Standard Components is the most straight forward one. If we have developed a number of program that are architecturally similar to each other and possess a certain amount of historical data, we can estimate the number of standard components we have in the new program, and compute the size of the new program based on past sizes.

When proxy-based estimate is not effective.

When using proxy-based estimate, it's important to remember the Law of Large Numbers, that the rolled-up number has a validity that the underlying numbers do not have. If you don't have a big enough number of items to estimate, the statistics of this approach won't work properly, and you should look for another method.

Collect historical data

The weather today won't always be the same as it was yesterday, but it's more likely to be like yesterday's weather than like anything else (Beck and Fowler 2001)
The most important reason to use historical data from our own organization is that it improves estimation accuracy. Historical data takes into account organizational influences. Estimating these influences one by one is difficult and error-prone. Historical data adjusts for all these influence even though identifying the specifics is hard. The data also helps us avoid subjectivity and unfounded optimism. There is an effect known as The Second Project Effect where a lot of assumptions are made from what you learned from the last project, "We know the business logic better this time", "There was a lot of turnover last time, we won't have it this time (?!)" or "We will do a better job at requirement management". With historical data, we use a simple assumption that the next project will go about the same as the last project did. Because in fact productivity is an organizational attribute that cannot easily be varied from project to project (Putnam and Myers 1992).

Group Review

This is actually not a technique at all, but rather a set of rules of thumb to conduct an estimation review in group. The goal of doing the review in group is to obtain the wisdom of the crowd, so before looking into the set of rules, lets talk about this effect.

Wisdom of the crowd is the belief that the aggregation of information in groups, resulting in decisions that are often better than could have been made by any single member of the group. Not all crowds (groups) are wise. Consider, for example, mobs or crazed investors in a stock market bubble.
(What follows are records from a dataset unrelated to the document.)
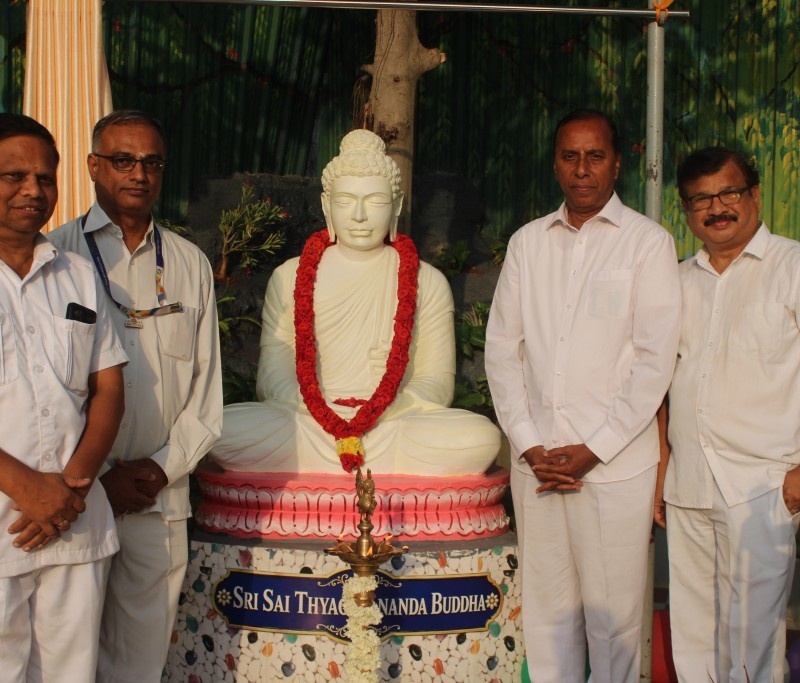 Inauguration of Sri Sai Thyaga Ananda Buddha Statue, Sai Bodhi Vanam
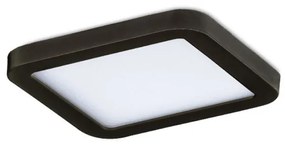Spot LED pentru baie incastrat IP44 Slim 9 square 3000K negru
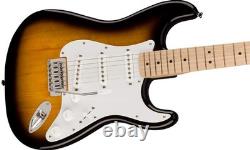 Fender Squier Sonic Stratocaster, White Pickguard, Maple Fingerboard 2-Color S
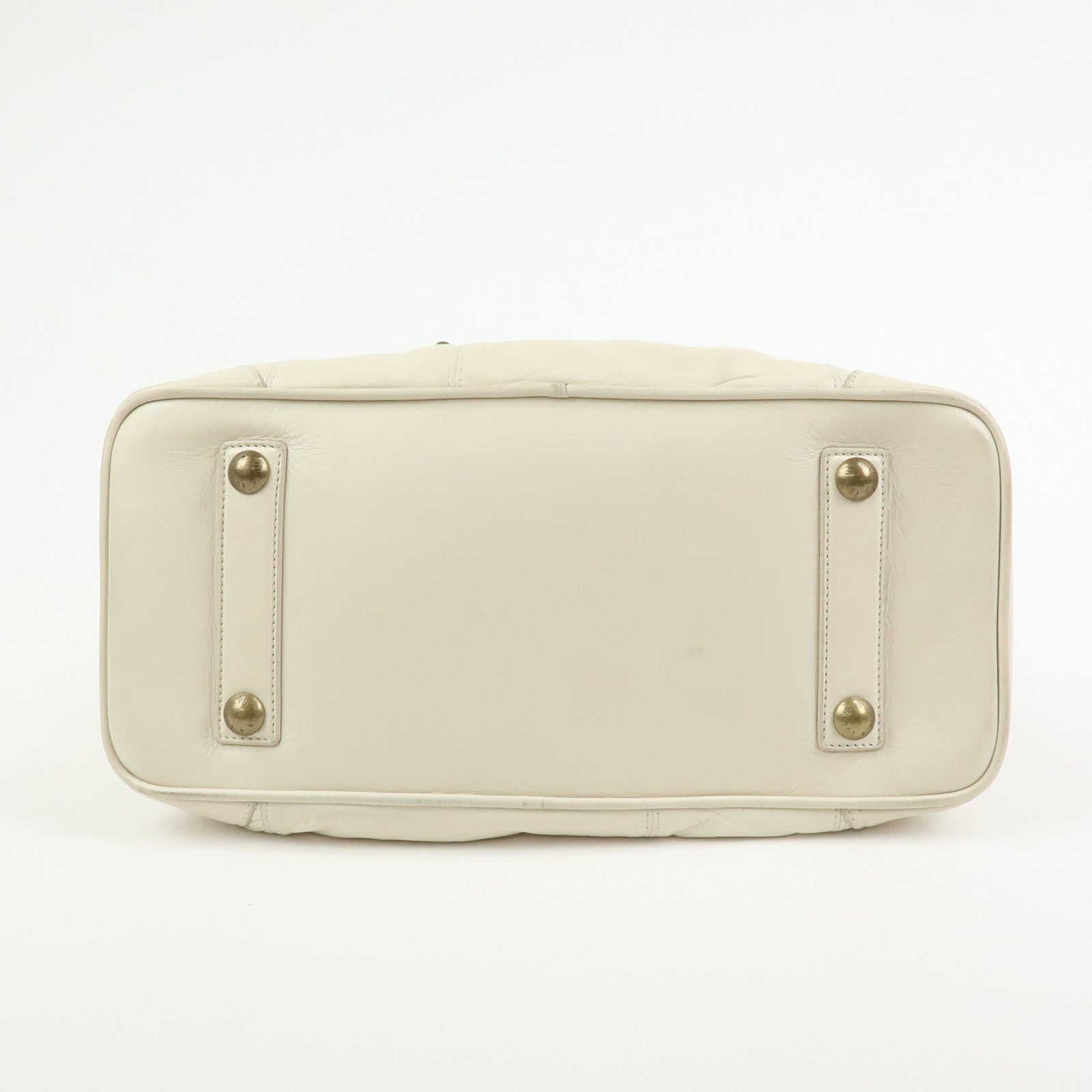 Louis Vuitton Cruise Line Rivet Bag Leather Hand Bag Ecru M95345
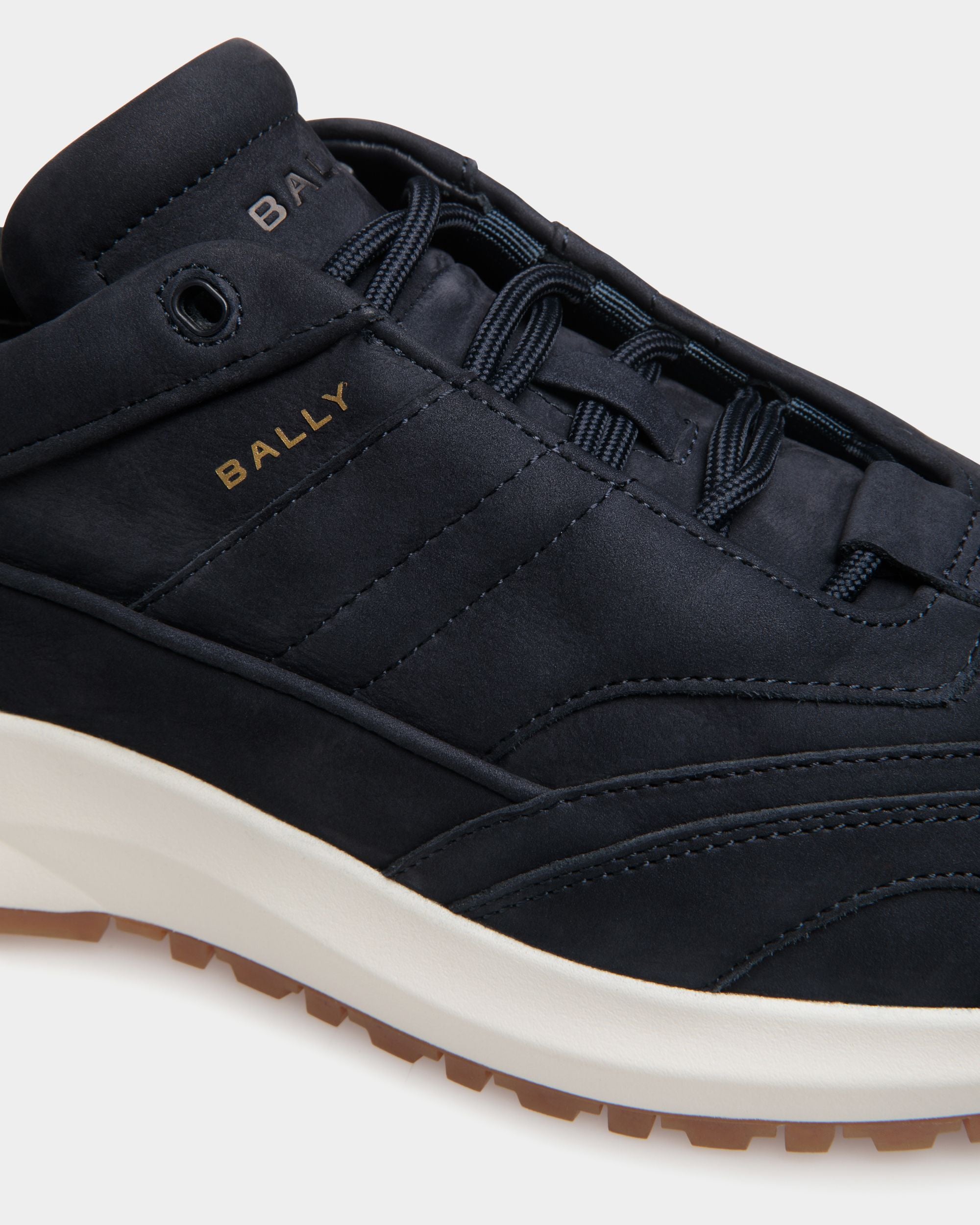 Outline Sneaker In Blue Leather - Herren - Bally - 05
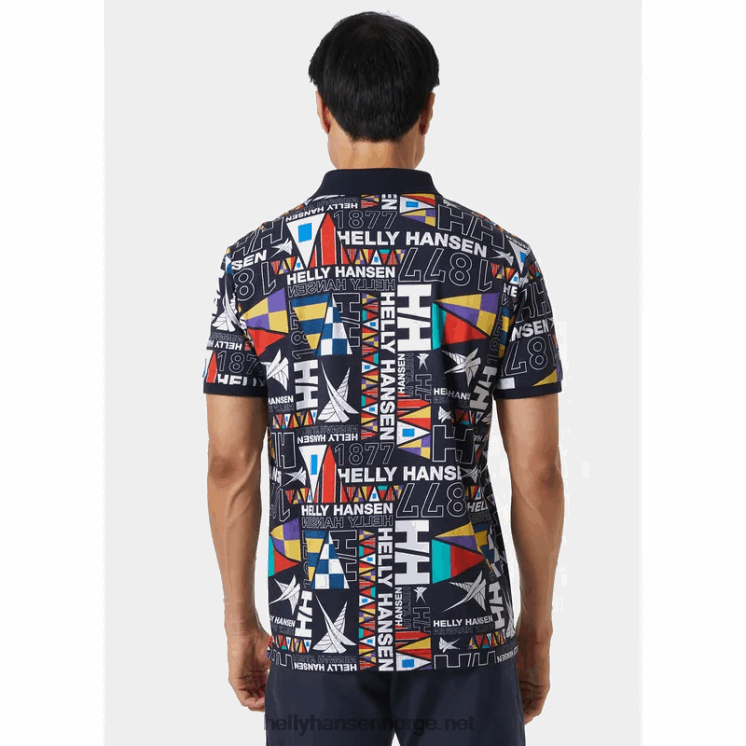 Newport polo for menn Helly-Hansen F6TJ0993 hav burge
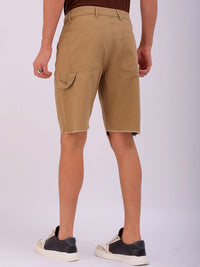 The Indian Garage Co Men Pure Cotton Relaxed Fit Chino Shorts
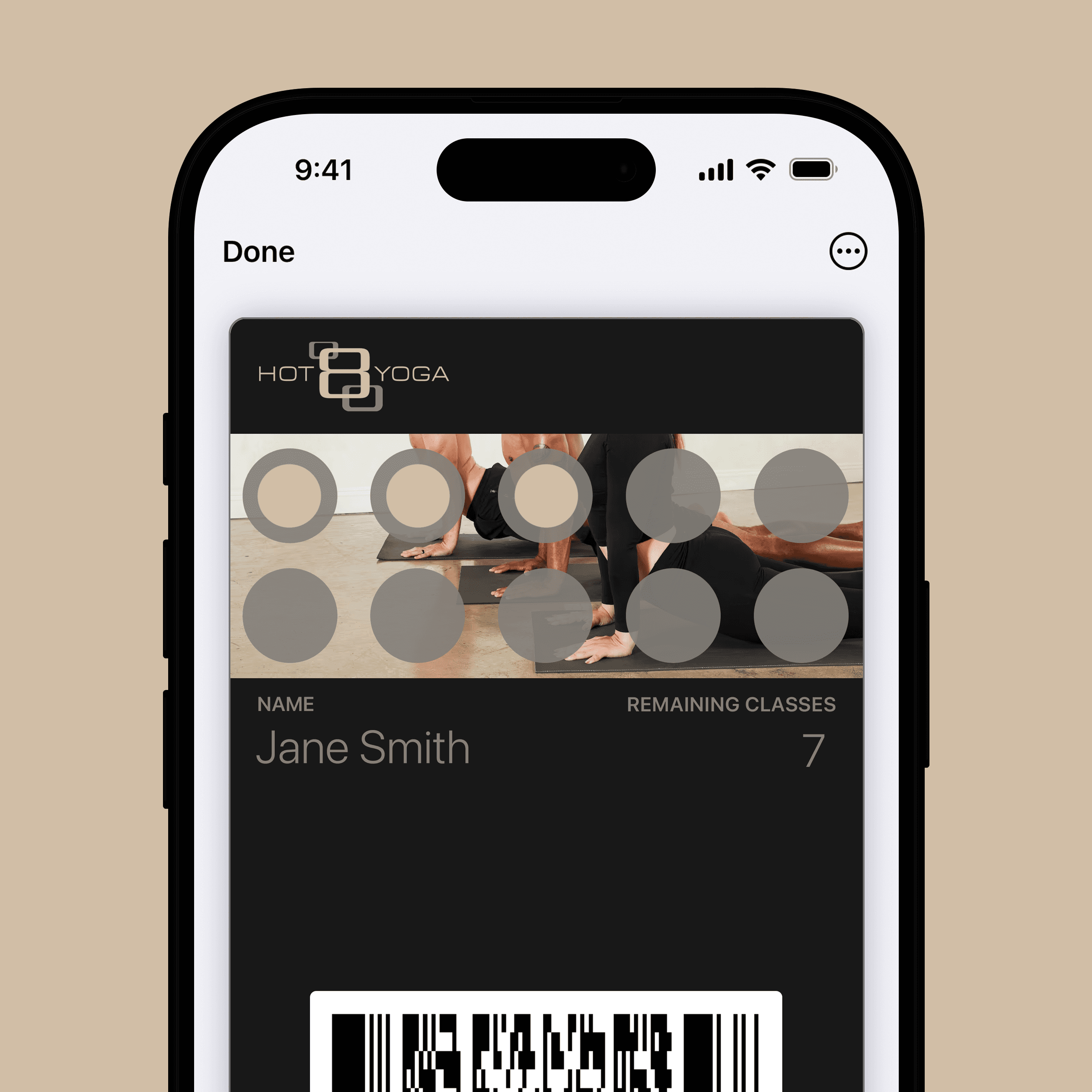 Digital multipass card example designed with Perkstar to attract new customers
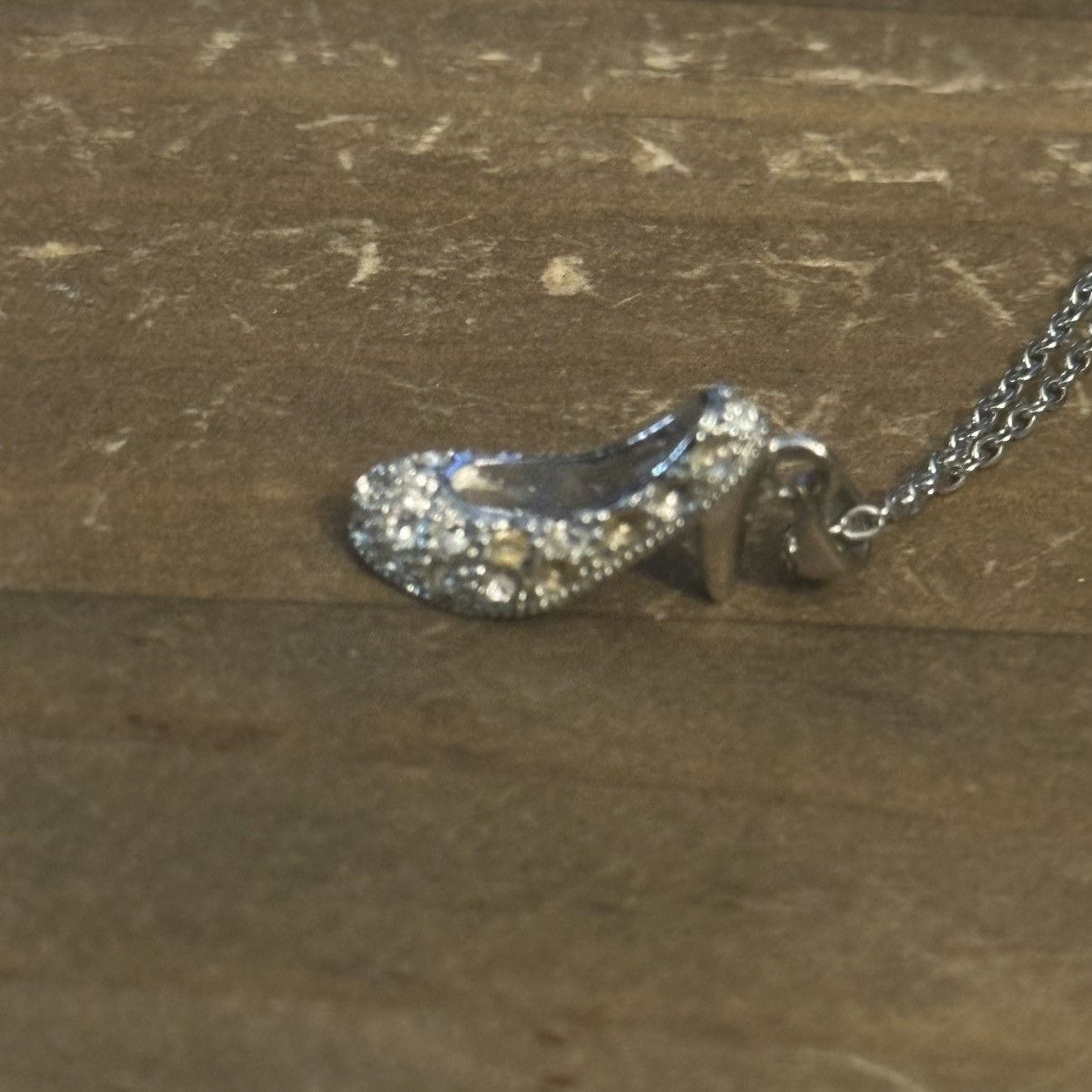 Other Silver tone rhinestone high heel shoe pendant necklace Size ONE SIZE - 5 Thumbnail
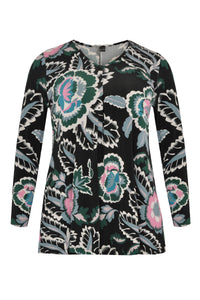 Tunic JANE v-neck - multi - #4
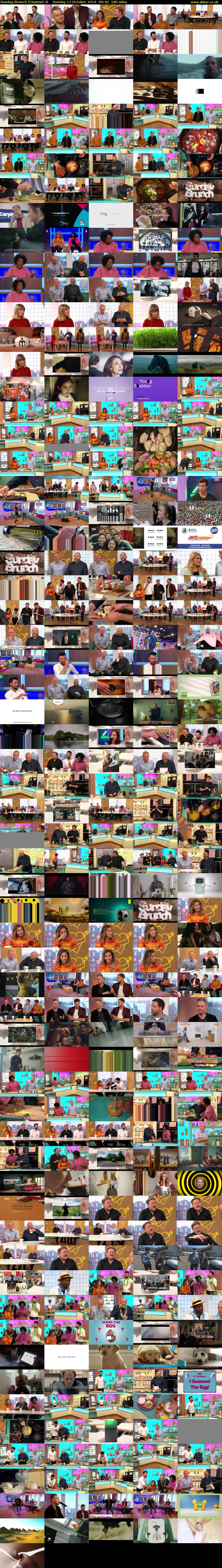 Sunday Brunch (Channel 4) Sunday 13 October 2019 09:30 - 12:30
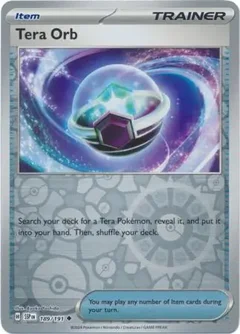 Tera Orb Reverse Holo 189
These key criteria separate wise crowds from irrational ones:

Criteria Description
Diversity in opinion Each person should have private information even if it's just an eccentric interpretation of the known facts.
Independence People's opinions aren't determined by the opinions of those around them.
Decentralization People are able to specialize and draw on local knowledge.
Aggregation Some mechanism exists for turning private judgments into a collective decision.
http://en.wikipedia.org/wiki/The_Wisdom_of_Crowds

When the decision making environment is not set up to accept the crowd, is that the benefits of individual judgments and private information are lost and that the crowd can only do as well as its smartest member, rather than perform better

Extreme Description
Homogeneity The need for diversity within a crowd to ensure enough variance in approach, thought process, and private information is stressed
Centralization The hierarchical management bureaucracy limits the advantage of the wisdom of low-level engineers.
Division Information held by one subdivision was not accessible by another.
Imitation Where choices are visible and made in sequence, an "information cascade"[5] can form in which only the first few decision makers gain.
Emotionality Emotional factors, such as a feeling of belonging, can lead to peer pressure, herd instinct, and in extreme cases collective hysteria.
http://en.wikipedia.org/wiki/The_Wisdom_of_Crowds

Based on that study, Steve McConnell suggested this set of rules in group review.
  • Have each team member estimate pieces of the project individually, and then meet to compare your estimates Discuss differences in the estimates enough to understand the sources of the differences. Work until you reach consensus on high and low ends of estimation ranges.
  • Don't just average your estimates and accept that You can compute the average, but you need to discuss the differences among individual results. Do not just take the calculated average automatically. Convergence among the estimates tells you that you probably have a good estimate. Spread tells you that there are probably factors you have overlooked and need to understand better.
  • Arrive at a consensus estimate that the whole group accepts If you reach an impasse, you can't vote. You must discuss differences and obtain agreement from all group members.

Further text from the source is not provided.